— DATA SUPPLIED —
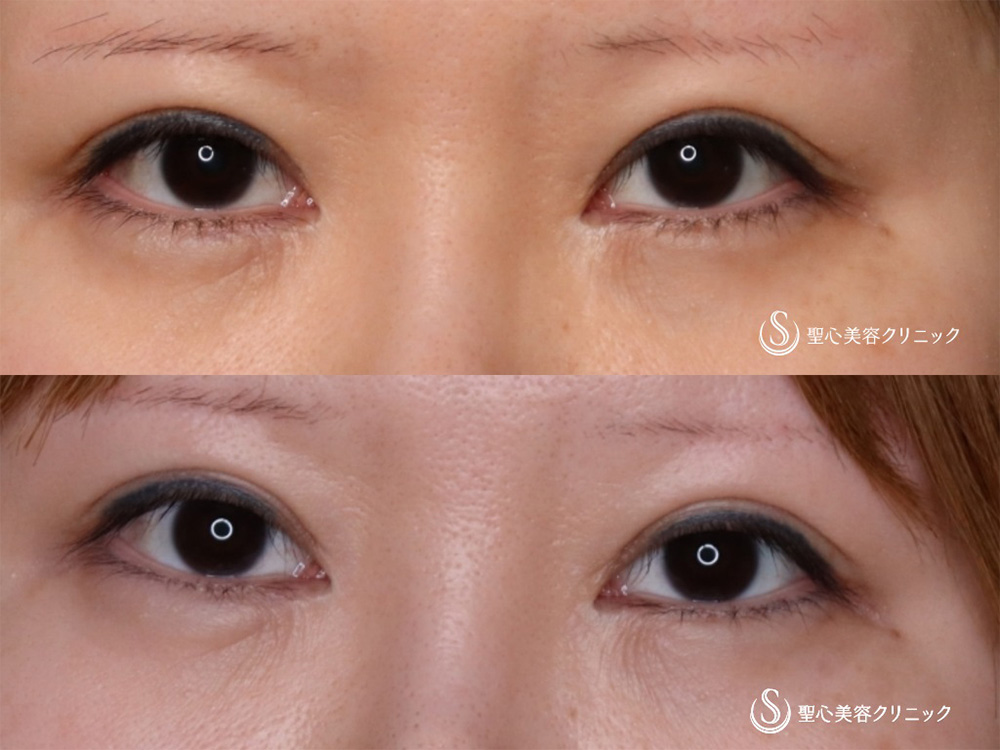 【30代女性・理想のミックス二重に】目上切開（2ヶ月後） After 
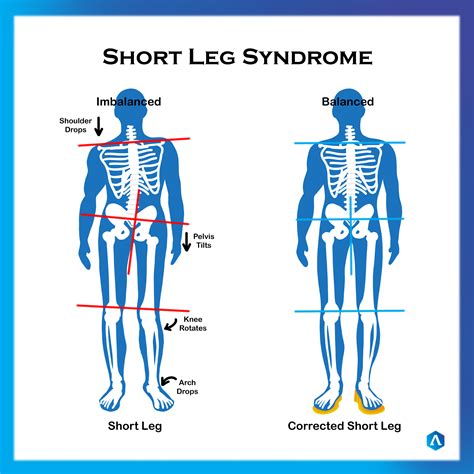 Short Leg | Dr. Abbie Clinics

...

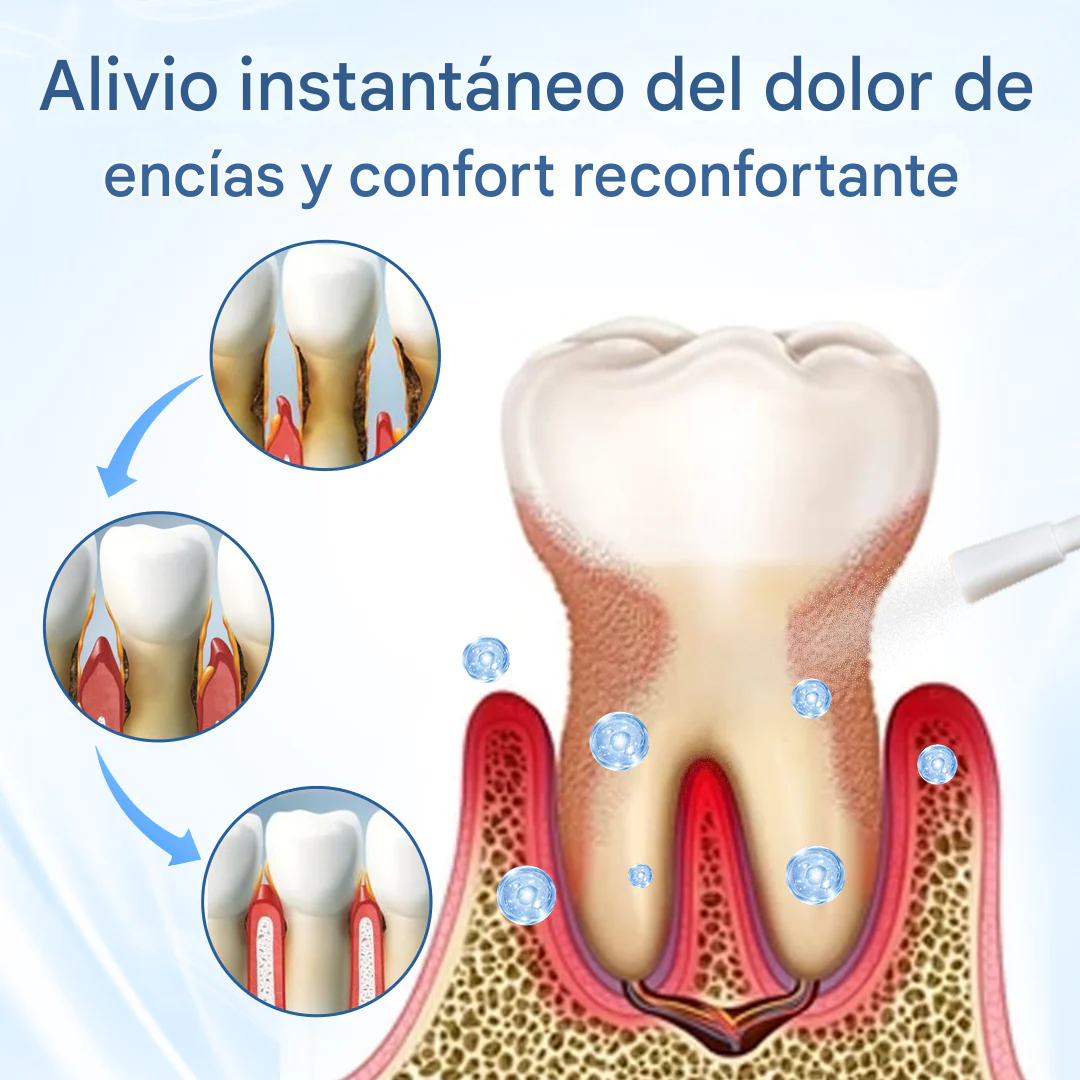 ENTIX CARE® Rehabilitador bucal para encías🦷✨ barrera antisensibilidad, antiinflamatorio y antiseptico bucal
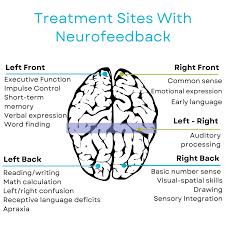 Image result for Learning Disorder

— HOW TO COMPLETE THIS TASK —
Above are some records. Output exactly the lines from the one that contains "ENTIX CARE® Rehabilitador" to the one that contains "Image result for Learning Disorder", keeping both, and omit the pictures.

— WRITTEN RESPONSE —
 ENTIX CARE® Rehabilitador bucal para encías🦷✨ barrera antisensibilidad, antiinflamatorio y antiseptico bucal
 Image result for Learning Disorder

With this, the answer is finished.